The default pin mapping is unchanged from the Pico 1 (see Pin Mapping).

Programming and Debugging

The rpi_pico2 board supports the runners and associated west commands listed below.

flash debug

The overall explanation regarding flashing and debugging is the same as for Raspberry Pi Pico. See Programming and Debugging in Raspberry Pi Pico documentation. N.b.
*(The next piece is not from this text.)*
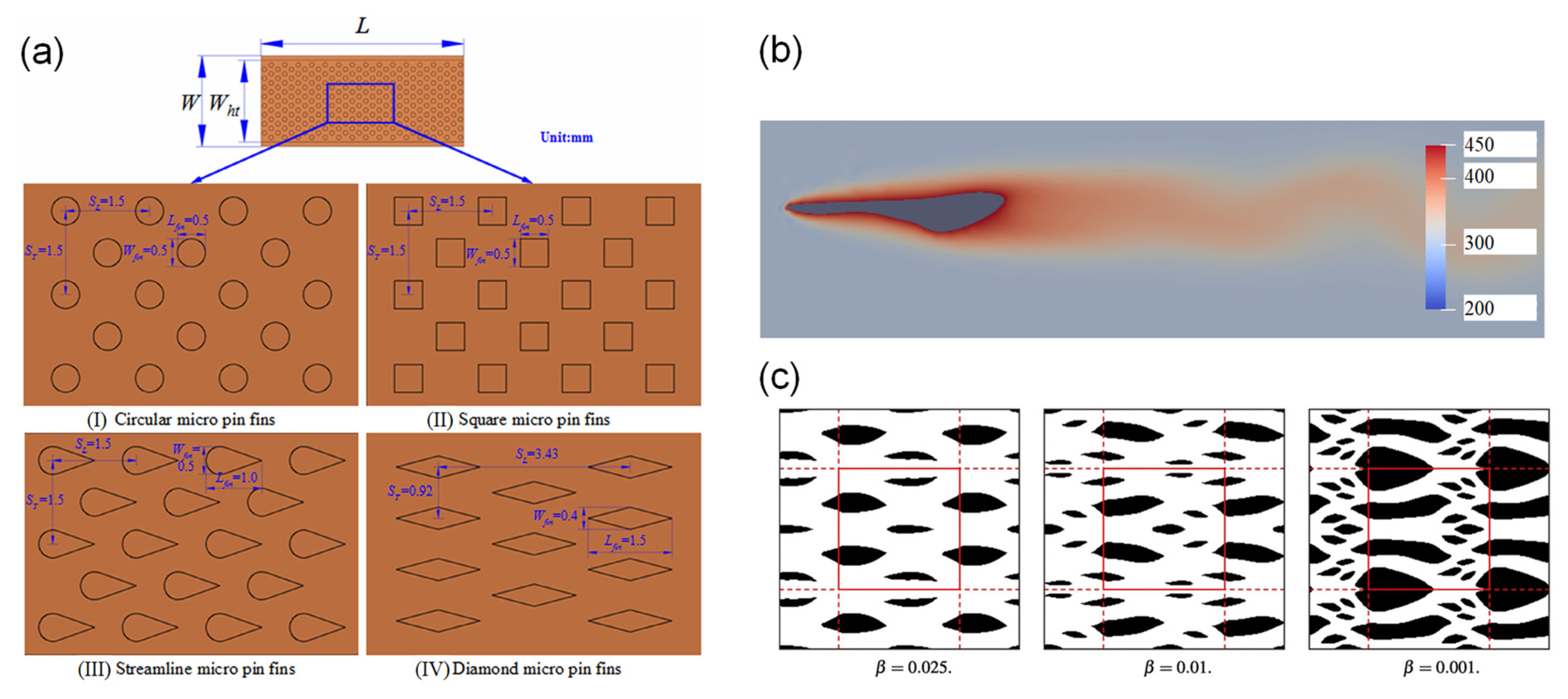 Energies 16 07468 g012 Energies 16 07468 g012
OpenOCD support requires using Raspberry Pi’s forked version of OpenOCD.

Below is an example of building and flashing the Blinky application.

# From the root of the zephyr repository
west build -b rpi_pico2/rp2350a/m33 samples/basic/blinky
west flash --openocd /usr/local/bin/openocd

The blinky sample is not yet supported on Pico 2W, so try the Wi-Fi shell application to connect to the network.

Wi-Fi Firmware Setup

Before building applications for the Pico 2W variant, you must fetch the required Wi-Fi firmware blobs. The Infineon CYW43439 chip requires proprietary firmware and CLM (Country Localization Module) files.
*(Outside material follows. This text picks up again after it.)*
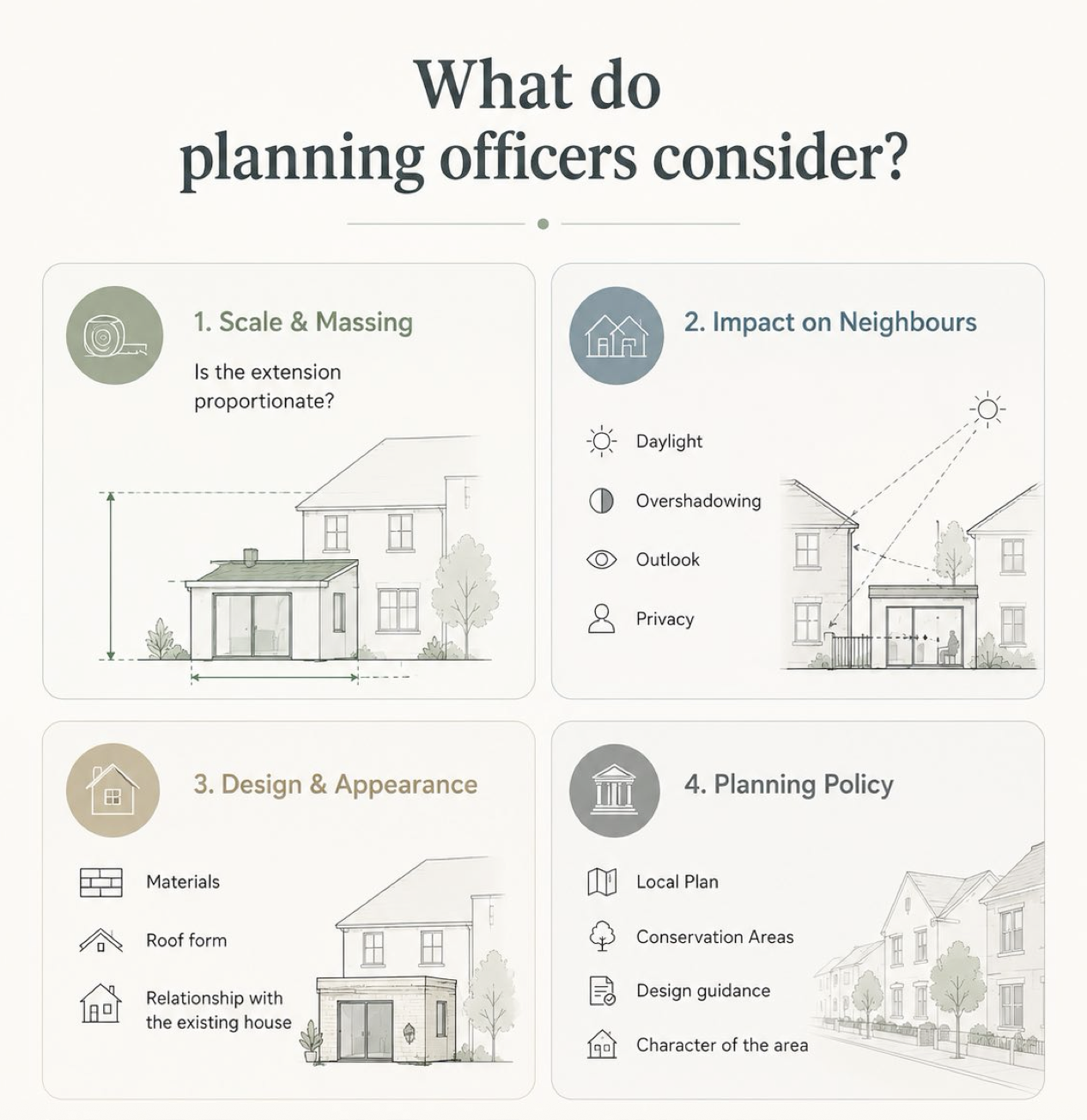 Diagram explaining how planning officers assess scale and massing, impact on neighbours, design and appearance, and planning policy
Run the following command to download these blobs:

west blobs fetch hal_infineon

This command downloads the necessary firmware files from Infineon’s repositories, including:

  • 43439A0.bin - Wi-Fi firmware for CYW43439

  • 43439A0.clm_blob - Country localization data

You only need to run this command once per workspace. Without these blobs, the build will fail with CMake errors about missing firmware files.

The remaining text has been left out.